THE LADY OF THE LAMP outlives the storm
That swept o'er Euxine's troubled marge: her light
Glows brighter with the years and leads a train
Of sisters dedicate to high emprise --
To heal the wounds that man inflicts on man,
Cut soothing shadows on the couch of pain,
To quicken hearts by touch of human love
That gives assurances of LOVE DIVINE;
And bid the hopeless be of hope and live.
Of all the forms that moved upon that stage
So tragic from the first to last, so fraught
With fateful blundering. she wears the palm
For vision clear, for voice creative, and
For skill to snatch a triumph from defeat,
And wrest his trophies from the god of war,
The Lady of the Lamp stands first of all.
She led a train who followed in her steps
And multiplied her presence and her smile,
That brought both life and hope to broken men
Full five-and-sixty years ago.

AND WOMEN who remained at home found means
To serve in divers ways, they turned the thread
To uses manifold their love inspired;
They organised their sisters into bands
And companies that week by week despatched
Their gifts to Trench and Camp and Hospital
And those who suffered in captivity:
As sweet as manna they, fragrant as herbs
In garden of their childhood far away.

Made earnest pleading, wrestling in the fight;
And souls elect ne'er failed to meet at hour
Of week-night prayer to sing their Hymn and leave
Their loved ones 'neath the care of boundless HEAVEN.

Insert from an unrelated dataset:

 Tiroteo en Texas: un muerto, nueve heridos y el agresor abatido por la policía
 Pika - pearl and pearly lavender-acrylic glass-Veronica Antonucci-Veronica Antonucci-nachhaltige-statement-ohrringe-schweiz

The ANCIENT ORDINANCE gave equal share
To those who went to battle and to those
Who stayed where duty kept them,
As they guarded what was there to guard
And to prepare to welcome back again
The weary warriors to hearths still lit
And warmed with glow of love and gratitude;
So those who worked at home and prayed and kept
The hearth a-light, and those who longed to go
And were debarred by Providence but nursed
The soldier-spirit in their hearts, have share
Alike with those who marched with bannered host
And fought, whom now we hail as our defence
In danger's hour. To GOD be praise for all!

J. M.


The Roll of Honour contains over 24,000 names. For various reasons it is far from complete. Several congregations made no returns, while others were late in commencing to keep a register, with the result that names were not recorded. In large industrial populations, especially in Belfast, large numbers of Presbyterian young men joined the colours who were not identified with Church life, and whose names therefore did not find their way to our congregational lists. It is calculated that probably 2,000 names are wanting, so that our representation in the great line of defence numbered above 26.000 men.

In the preparation of the Roll the Church owes a debt of gratitude to Miss Jean Craig, of the Historical Society, for her patient, persistent labour in collecting, revising, and classifying the various congregational lists and for correcting the proofs; and to the Rev. John Macmillan. D.D., for the above suitable Foreword.